TASK |
Copy every record that follows, word for word.

--- EXTRACTED RECORDS ---

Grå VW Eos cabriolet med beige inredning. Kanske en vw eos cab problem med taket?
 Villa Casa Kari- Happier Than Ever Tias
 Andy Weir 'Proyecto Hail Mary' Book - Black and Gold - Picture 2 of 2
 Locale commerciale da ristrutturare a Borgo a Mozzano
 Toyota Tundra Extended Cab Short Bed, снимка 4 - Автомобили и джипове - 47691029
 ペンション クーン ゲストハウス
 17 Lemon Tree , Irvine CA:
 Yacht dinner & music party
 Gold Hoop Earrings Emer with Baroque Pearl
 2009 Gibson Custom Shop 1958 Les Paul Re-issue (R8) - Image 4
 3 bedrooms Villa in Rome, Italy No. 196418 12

---

OUTPUT |
Grå VW Eos cabriolet med beige inredning. Kanske en vw eos cab problem med taket?
 Villa Casa Kari- Happier Than Ever Tias
 Andy Weir 'Proyecto Hail Mary' Book - Black and Gold - Picture 2 of 2
 Locale commerciale da ristrutturare a Borgo a Mozzano
 Toyota Tundra Extended Cab Short Bed, снимка 4 - Автомобили и джипове - 47691029
 ペンション クーン ゲストハウス
 17 Lemon Tree , Irvine CA:
 Yacht dinner & music party
 Gold Hoop Earrings Emer with Baroque Pearl
 2009 Gibson Custom Shop 1958 Les Paul Re-issue (R8) - Image 4
 3 bedrooms Villa in Rome, Italy No. 196418 12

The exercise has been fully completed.